Le petit troupeau restant des religieuses s'était serré autour de la supérieure à l'approche de la tempête grondante. L'inquiétude devait être de tous les instants. On réclamait aide et conseil partout et à tous, se tenant au courant des lois et décrets afin de s'y conformer, espérant toujours que l'exigence présente serait la dernière.

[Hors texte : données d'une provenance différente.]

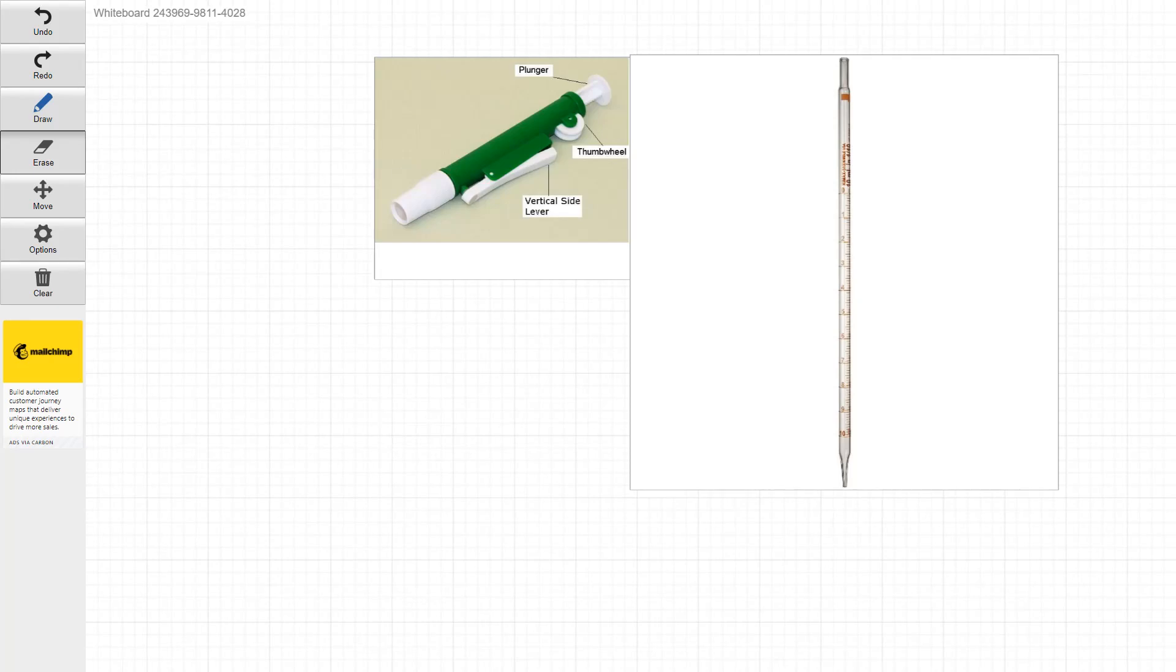This is the pre-lab lecture for the second experiment. Again, another simple experiment this week.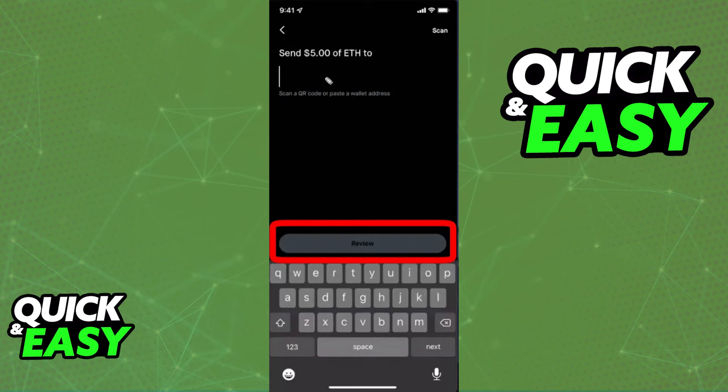Afterwards, as long as you enter everything properly, you will receive your funds instantly.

Et c'est ainsi que le 6 mai 1791, Mmes Dumouriez, Crommelin (67 ans), Thérèse Dumont (23 ans), Eulalie Bocquet (57 ans), Élisabeth Rousseau (53 ans), Agathe Ruffin (54 ans), Thérèse Piettre (52 ans), Anne Carpentier (46 ans), Cécile Maubourg (37 ans), Caroline Pichon (26 ans), Agnès Lelong (56 ans), Antoinette de Réampe (52 ans), Madeleine Beauvois (42 ans), Victoire Hocquet (53 ans), Angélique Lorquin (41 ans), Émilie Verniole (44 ans), Rosalie Feuillette (36 ans), Alexandrine Lefebvre (36 ans), Elisabeth Bourdon (23 ans) et Mme Gobinet (77 ans), en train de mourir à l'infirmerie, soit dix-neuf sur vingt-six, tant dames de chœur que sœurs converses, déclarent solennellement une fois de plus, en présence des notaires royaux qui en dressent acte, qu'elles entendent continuer la vie commune, en vertu des lois et décrets du 14 octobre 1790, dans cette maison qui sera considérée comme maison particulière où on ne recevra ni jeunes filles pour les éduquer, ni pensionnaires âgées, et qu'enfin la porte extérieure de la chapelle sera murée.